Zag: Why do you think e-scooters are attracting such negative press from mainstream media. Why have they seemed to get this “public nuisance” badge from some?
RC: When there’s a change in any industry you will see a clash between those that like how things were done in the past and those who are embracing the new. Where we will start to climb out of the situation and see e-scooters as more socially accepted is when legislation comes into play. There is a perceived grey area by the public on using private e-scooters and there are retailers who are selling them knowing full well riders will be using them in public spaces.

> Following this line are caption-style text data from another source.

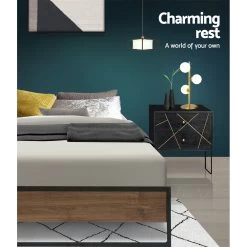 Metal Bed Frame Queen Size Mattress Base Platform Foundation Wooden Black OSLO -Furniture Shop MBED C OSLO Q BK 04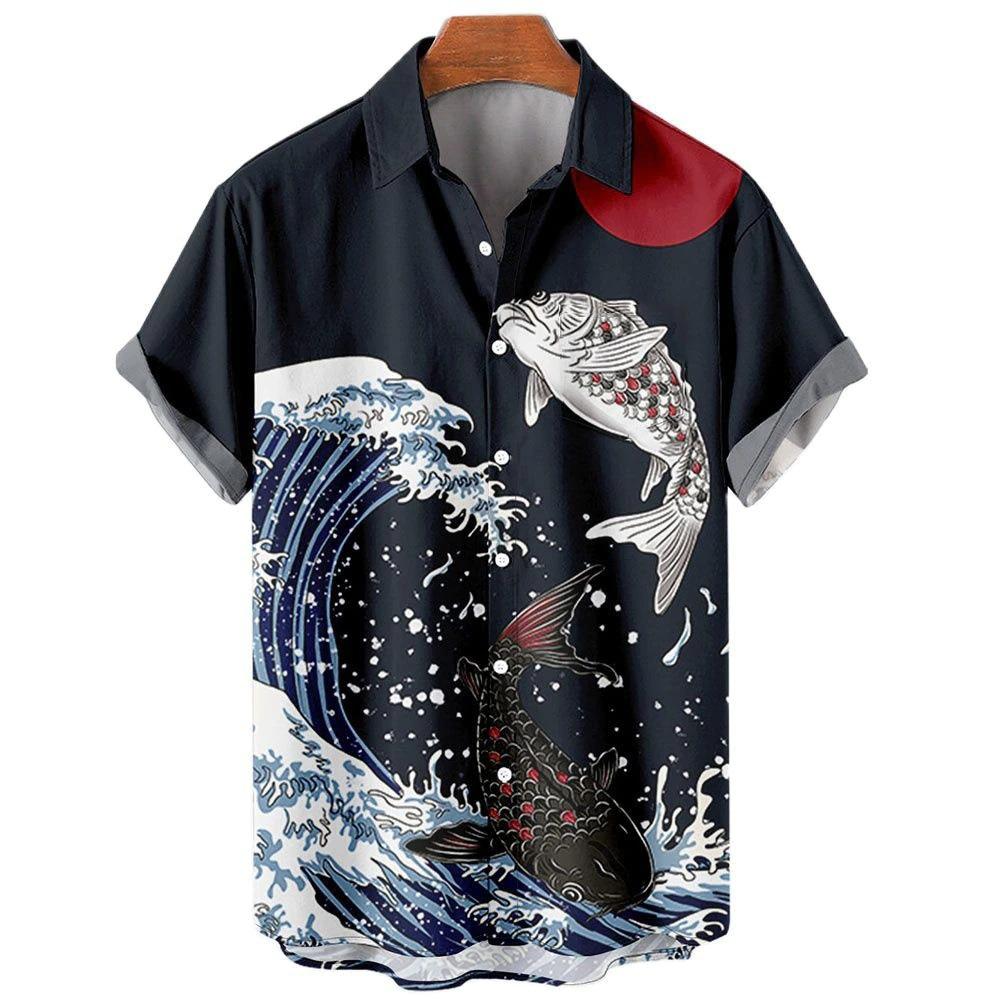 Camicia a Maniche Corte con Stampa Onda Ukiyo-e, Elegante Casual con Bottoni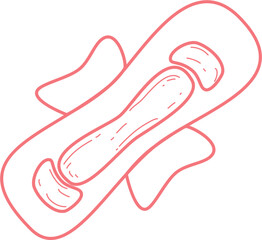Girls period pad line doodle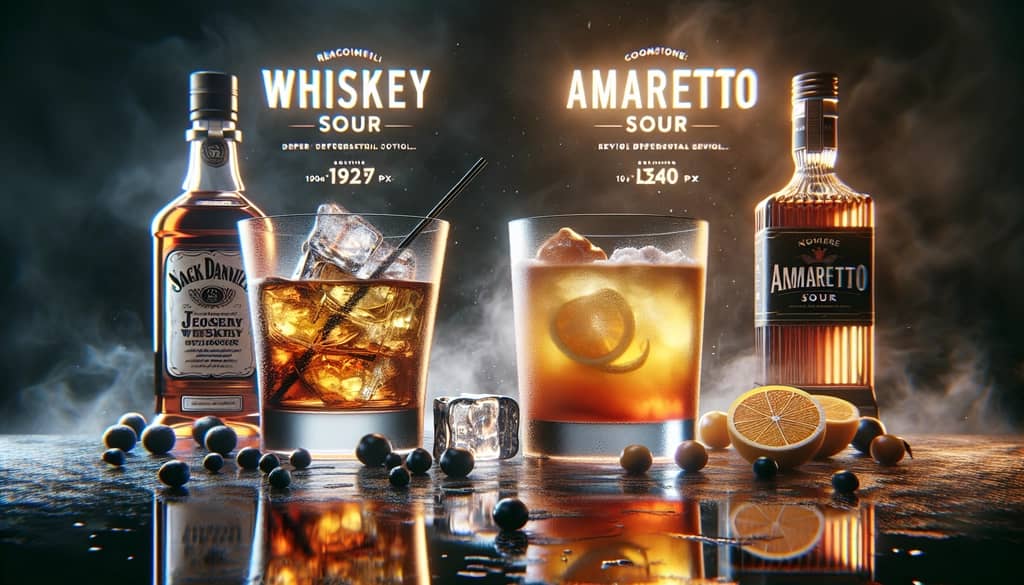 A comparison of whiskey sour and amaretto sour cocktails showcasing their key differences and distinct flavors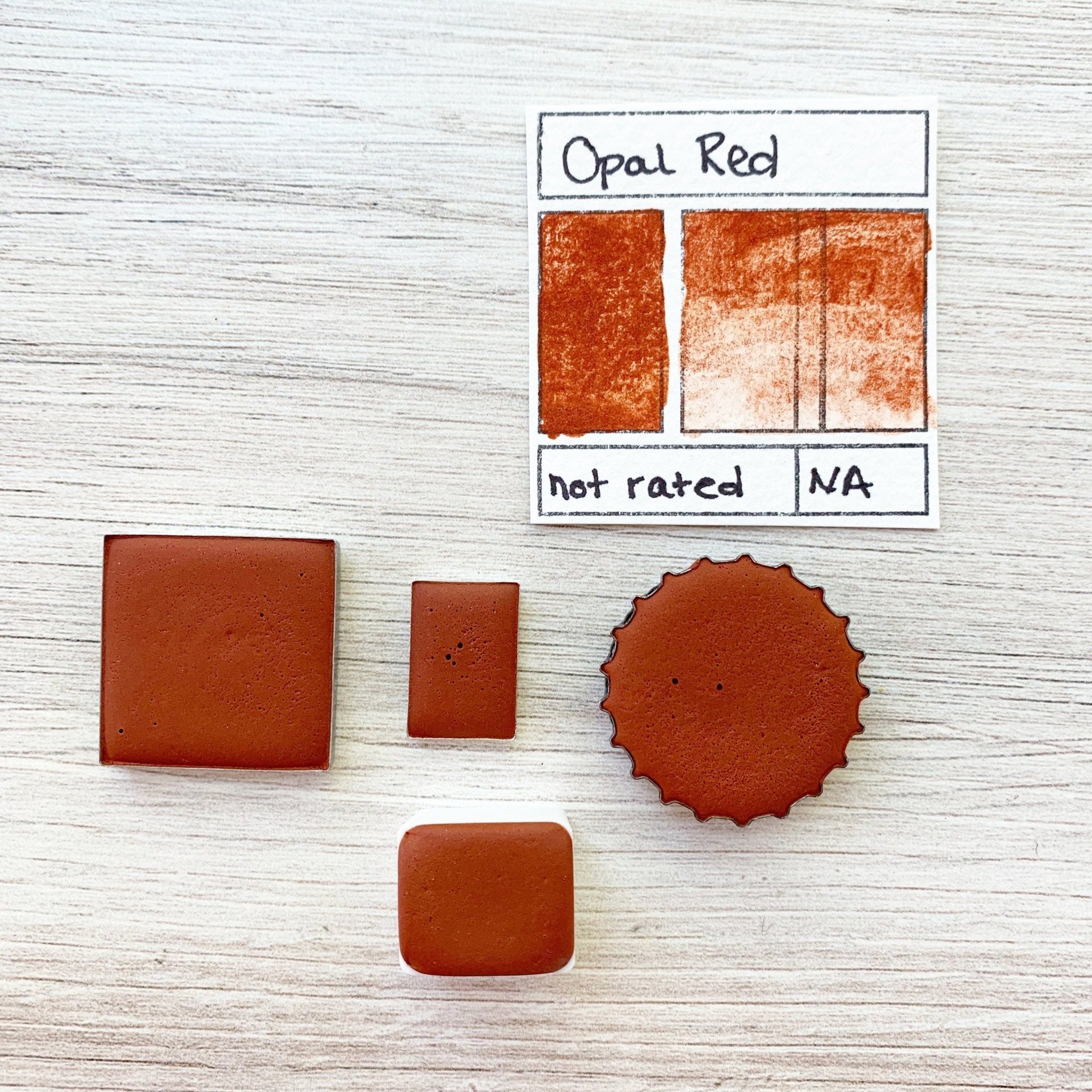Opal Red. Half pan, full pan or bottle cap of handmade watercolor paint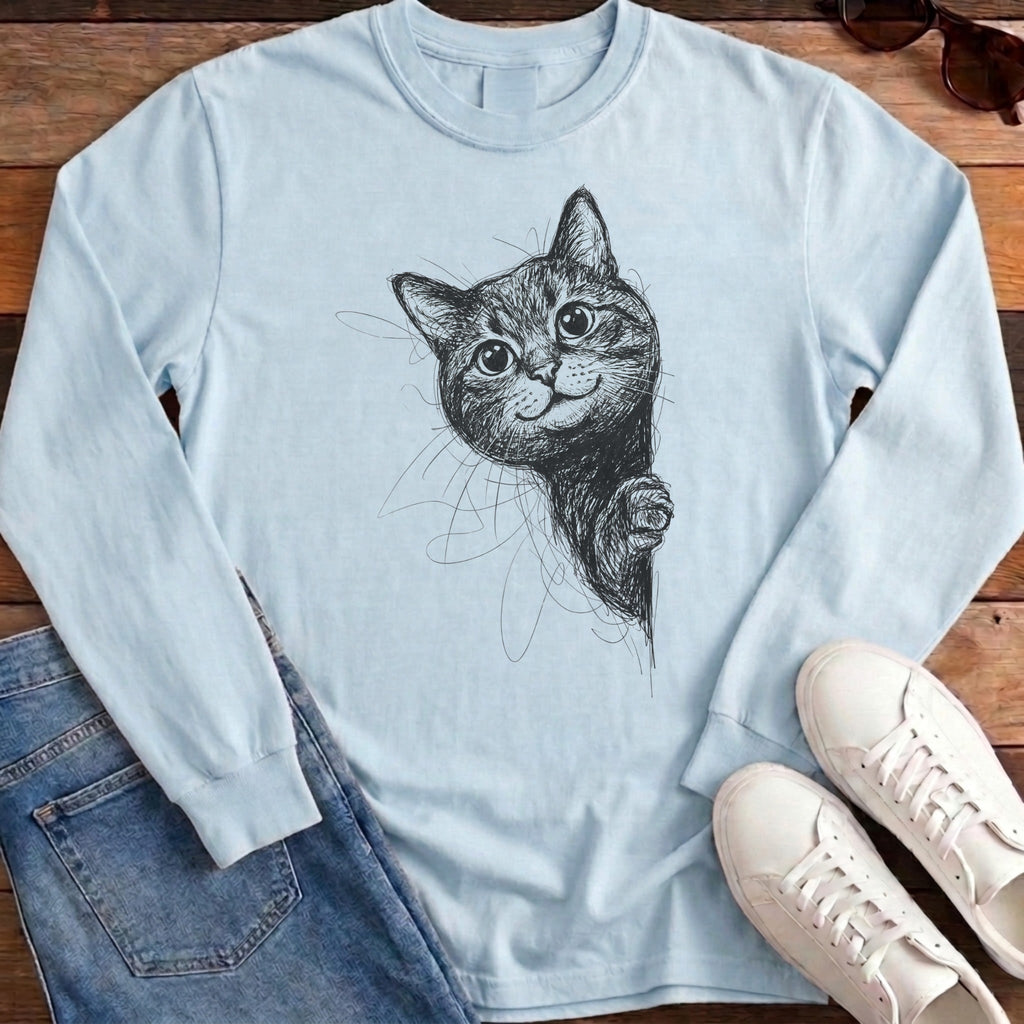 Side Cat Scribble Long Sleeve - Chambray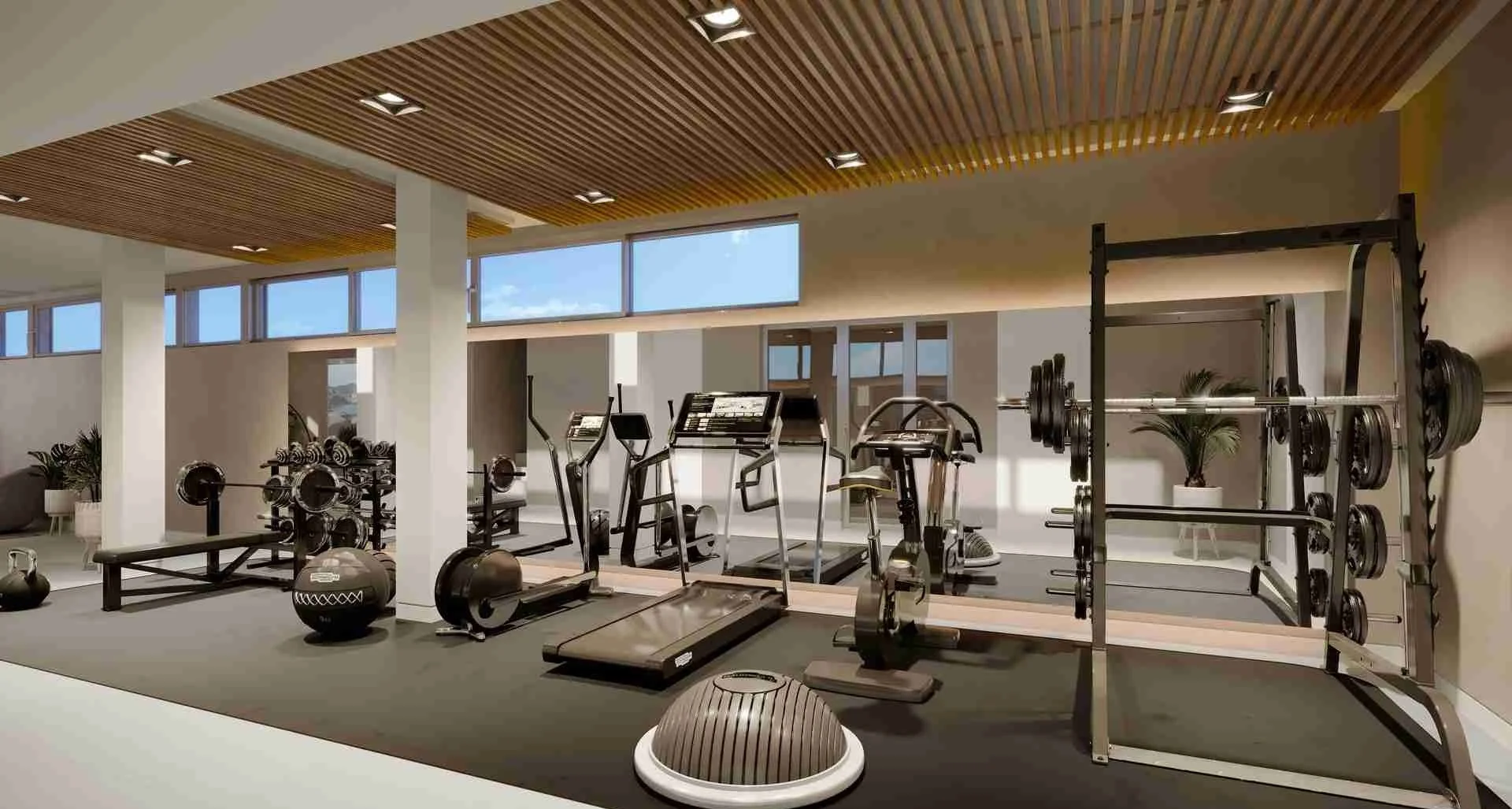 Modern gym in La Quinta residential development with treadmill, weights, and ocean views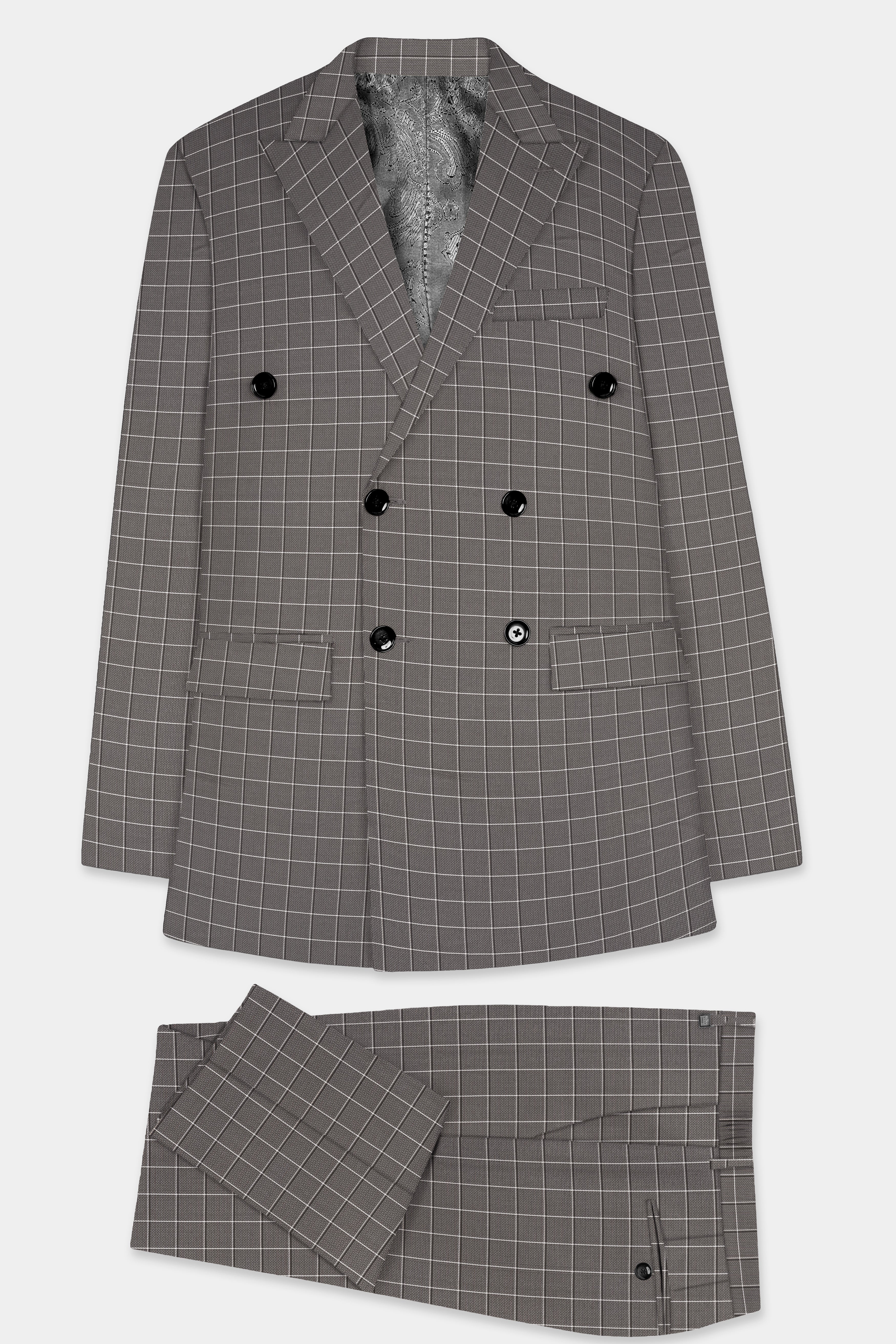 Friar Gray Plaid Wool Rich Double Breasted Suit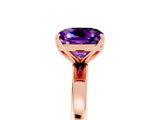 Rose gold Cushion Cut Amethyst Solitaire Ring with Thin Band and Prong Setting_17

There aren’t any guidelines for private e-scooter use, the police are also under-resourced to enforce the rules. Better infrastructure will help too. Our cities have been designed and planned around the car. No one looks out of their window thinking about how cars have cluttered our roads. It’s just considered life. If you see five scooters on the pavement it’s called clutter. There’s a mind-set and infrastructure change that needs to happen. We need to change how we think about how space is allocated. I’d love to see cities and towns start turning some parking spaces into micromobility spaces. Whether that’s through parking racks or space the council will allocate and take away from cars.
Zag: Is private e-scooter legalisation inevitable and what part do these UK trials have in influencing future legislation?
RC: I think private e-scooters will be legalised, although the timeframe on that is unclear, but most likely not until 2022. Private e-scooters have to be regulated in a way that is consistent and aligned with shared public e-scooters. There is a level of accountability that operators like Voi bring to the table through GPS tracking and knowing exactly where and who is riding a scooter at any one time. Unique identifiers or number plates, like are used on Voi products, is something I would advocate. This level of accountability will drastically improve compliance and reduce anti-social behaviour that we see more so with private e-scooters compared with public e-scooters.
Avon and Somerset Police released data in December 2020 to show out of 96 incidents involving e-scooters, two were related to Voi and 94 related to private e-scooters. We are seeing an unfortunate growing trend from the private e-scooter market for anti-social behaviour that needs to be addressed. I’d like to see an alignment of standards with GPS trackers and geofencing so no ride zones apply to all micromobility, regardless of whether it’s private or shared.